Overvaluation episodes: A comparison of 100 SMEs listed in FY23–25 against industry P/E averages shows meaningful overvaluation in a subset. Some companies priced at 50–80x P/E without sufficient earnings growth to justify multiples.
Post-listing performance diverges sharply: A 2024 SEBI study found 54% of IPO shares are sold within one week — signalling short-term speculative intent. Stocks that see 2,000x oversubscription often trade below IPO price within 12 months.
Institutional participation is low: Without mutual funds, FPIs, or insurance companies meaningfully present, price discovery is dominated by retail sentiment rather than fundamental analysis.
FUTURE OUTLOOK — WHAT THE NEXT FIVE YEARS LOOK LIKE
Sectors With the Most Potential
Renewable energy and cleantech: India’s 2030 target of 500 GW renewables capacity requires massive investment across the value chain — solar modules, wind components, EPC contractors, energy storage. Many of these are SME-scale businesses that will need listing capital.
Defence manufacturing: Atmanirbhar Bharat and rising defence exports are creating a generation of SME-scale defence ancillaries. PLI beneficiaries in drones, electronics, and precision components are natural SME exchange candidates.
Healthcare services: Diagnostics chains, specialty clinics, pharmaceutical CROs, and medical device manufacturers at the ₹50–200 crore revenue scale are an underserved segment — ideally suited for SME listing.
Agro and food processing: Rising organised agriculture, food safety regulation, and rural consumption growth are driving formal-sector food businesses. 16 agro SME IPOs in 2024 versus 8 in 2023 is an early signal of a structural wave.
Digital-first SMEs: IT services, SaaS, fintech, and logistics tech companies with asset-light models and scalable revenue are increasingly choosing SME exchanges for their capital efficiency and governance uplift.
Structural Drivers of Continued Growth
Formalisation of the Indian economy: GST, IBC, UPI, and Account Aggregator are progressively pushing informal businesses into the formal system — creating a larger pool of IPO-ready companies.
Deeper demat penetration: India’s target of 25 crore demat accounts by 2027 will expand the retail investor base further. Tier-2 and tier-3 city investors are the growth frontier.
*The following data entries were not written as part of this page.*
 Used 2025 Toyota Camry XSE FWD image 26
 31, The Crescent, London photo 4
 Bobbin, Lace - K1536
Institutional integration: SEBI and the exchanges are working toward structures that allow small-cap mutual funds and PMS products to participate more actively in SME stocks. If institutional participation grows even modestly, liquidity and governance will improve dramatically.
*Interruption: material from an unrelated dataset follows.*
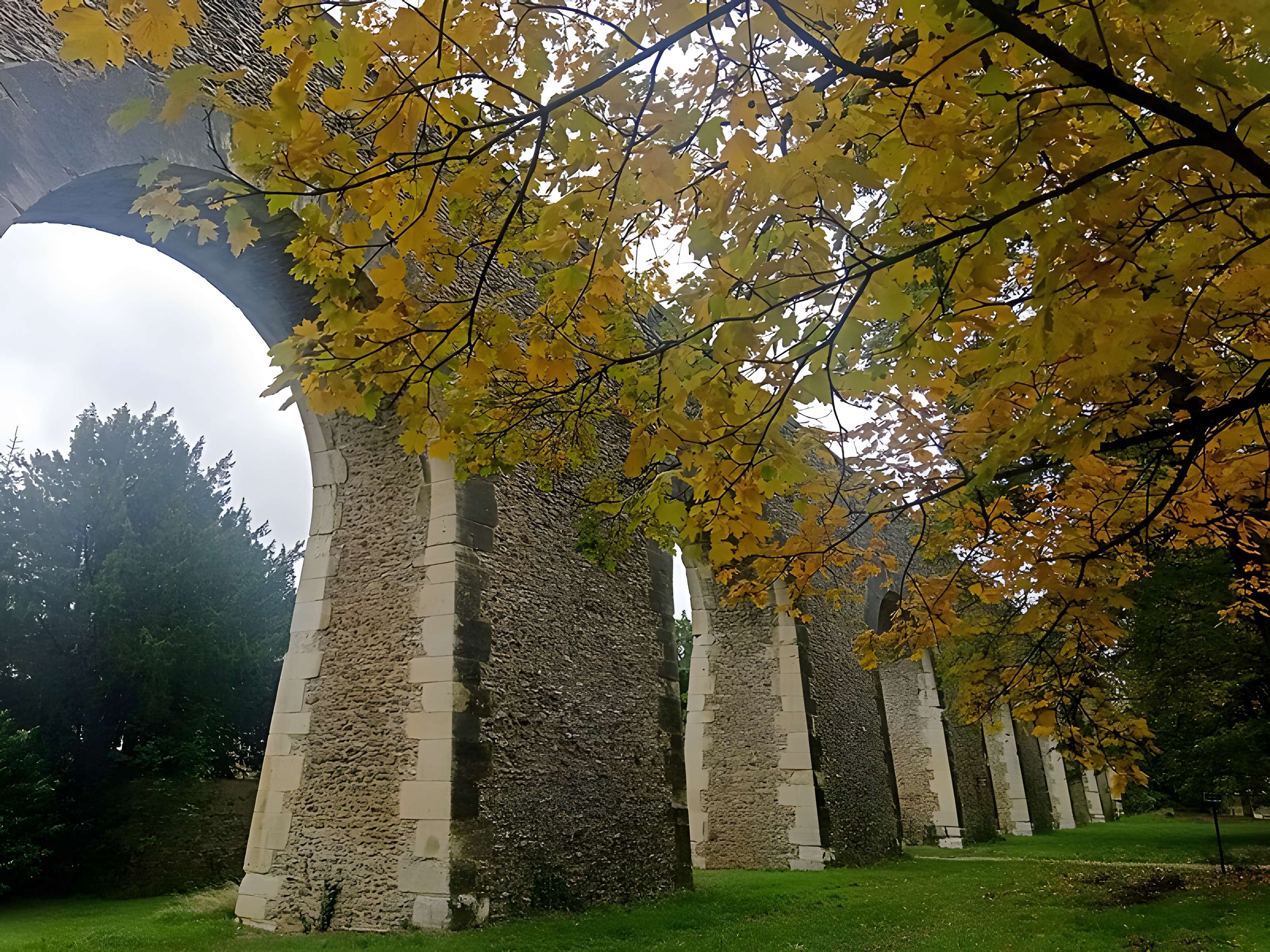Aqueduc de Louveciennes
VC-SME exchange alignment: As the SME exchange matures as an exit pathway, early-stage capital will increasingly flow to businesses structured around this pathway. This creates a virtuous cycle: more VC funding → more investable SMEs → more high-quality listings → deeper markets.
Government support: Multiple state governments (UP, Gujarat, Tamil Nadu) have active MoUs with BSE/NSE to help regional MSMEs access SME IPO capital. Central schemes like PMEGP and SIDBI programmes complement this.
What to Watch
SEBI’s next regulatory cycle: Expect further disclosure improvements, a formal framework for SME-focused mutual funds, and possible expansion of the upper paid-up capital limit from ₹25 crore to ₹50–75 crore — bridging the gap between SME and mainboard.
250+ SME IPOs annually by 2026: Given pipeline data and structural drivers, annual SME listings are expected to cross 250 by 2026 and ₹12,000–15,000 crore in annual capital raised by 2027.
Market cap milestone: Combined SME exchange market capitalisation is on track to cross ₹3–4 lakh crore by 2027, creating a new, liquid mid-small-cap universe for Indian investors.